The pair of arms in “Standing Pillow I” and “Standing Pillow II” is from a photograph labeled “Father and daughter (1992),” in which the artist’s father is standing next to a young woman who is presumably the artist herself. It is the only photograph in the series in which the father is physically present with his daughter. The disembodied palms in “Patience” come from an image of the artist’s father posing with a group of unidentified men at a concert, while the uplifted arms in “Work Pillow” come from an image of the father installing wallpaper inside a home. The disembodied limbs, and their corresponding titles, bear solemn memories of the father, memories which characterize work, patience, and repose.
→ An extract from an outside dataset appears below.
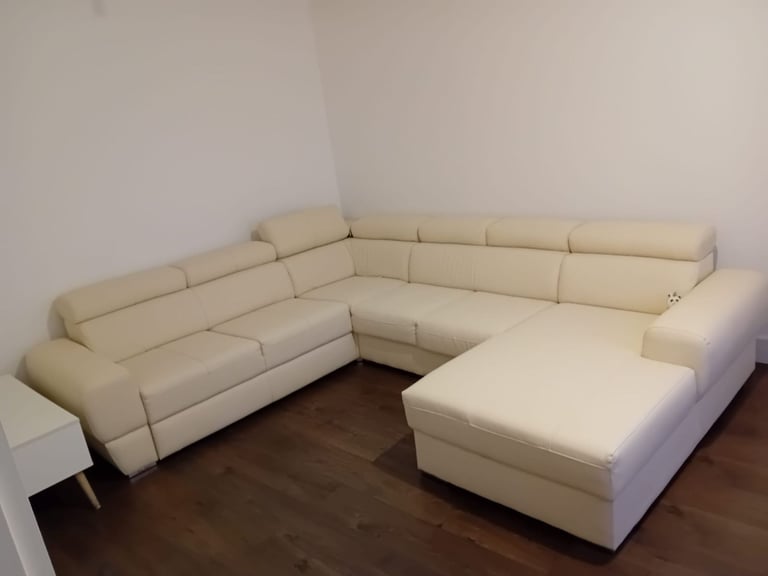 Corner Sofa Bed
Another photograph, sampled by “Embrace,” pictures the father holding a child who is not the artist — a photo dated from his time attending Howard University. Cut out from this context, the father’s arms appear as a strong form of embrace against the plush white pillow. It is the most visceral gesture in the series, but the tender embrace as it is documented in the original photograph is not directed to the artist herself. The photos of Adili’s father suggest an itinerant life resulting in his absence from the artist’s upbringing. Absence, as represented by the disembodied arms and hands in the Gestures series, suggests his absence during life and death.
Hand-stitching the pillows with her father’s gestures is Adili’s performative means of recalling his physical presence. The isolated moments of work, patience, repose, and embrace are not only performed by the father, but the artist herself in the process of needlework. Among the photographs in the father’s archive is an old plane ticket which is repurposed for a large work titled “Perhaps All of the Sky Can’t Turn a Page of This Tightness of the Heart,” a title that is sampled from one of the father’s letters written before his exile from Iran.
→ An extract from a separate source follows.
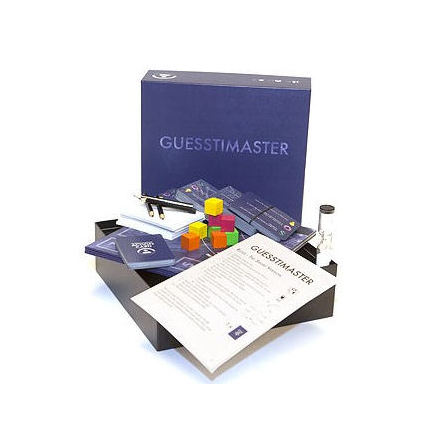 Guesstimaster (German rules)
The image of a Spantax jet is overlaid with the father’s handwritten script from the letter. The father’s experience of exile and longing are not Adili’s own, but she repurposes the plane ticket and letter to redirect and articulate her own loss and longing. Additional works “Tightness of the Heart I” and “Tightness of the Heart II” reproduce by way of needlework an image of the artist’s bare chest, the latter’s surface intricately mimicking the decorative motifs of traditional Persian glasswork.
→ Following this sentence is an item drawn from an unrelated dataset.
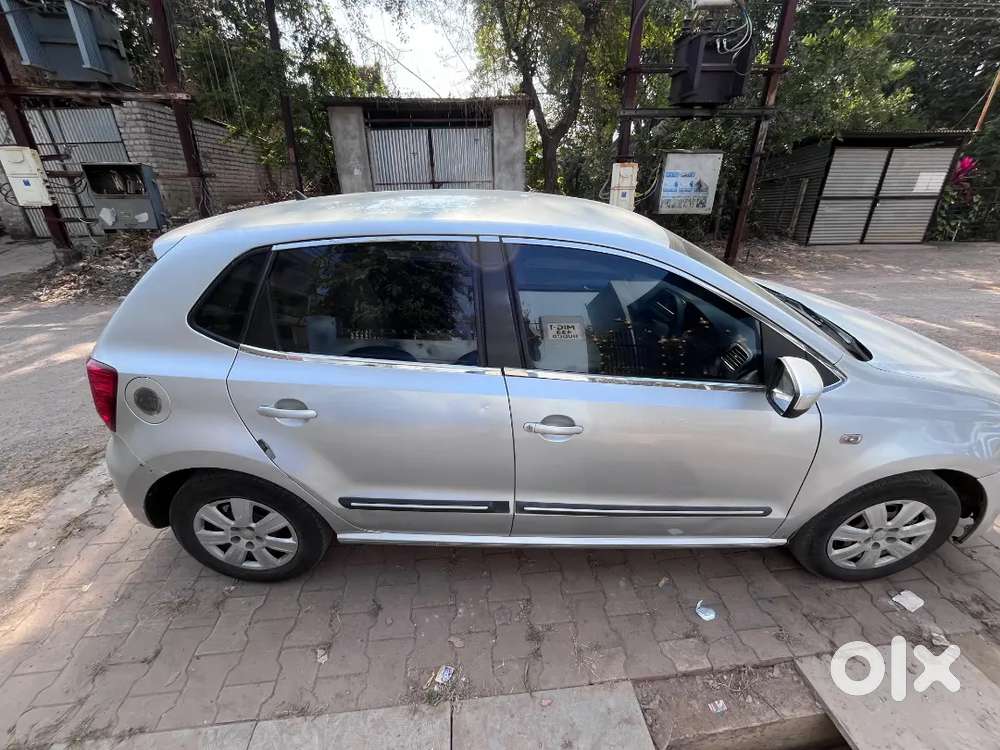 Volkswagen Polo 2012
In the first work, a plaster model of the Spantax jet protrudes from behind the image of the artist’s chest, framed by the shape of a house. The series culminates in a vulnerable staging of the artist’s displacement, the emotional qualities of which resemble her father’s exile and separation. By bridging her own experience of “deltangi” with her father’s, Adili extends the empathy necessary to produce the emotional intimacy she could not access during her father’s lifetime. Both Yamin and Adili use their family archives to position their loved ones in moments of loss and recovery. The challenge of recovering the past is compounded by physical and historical distance, but both artists are able to glean in fragments the emotional core of memory.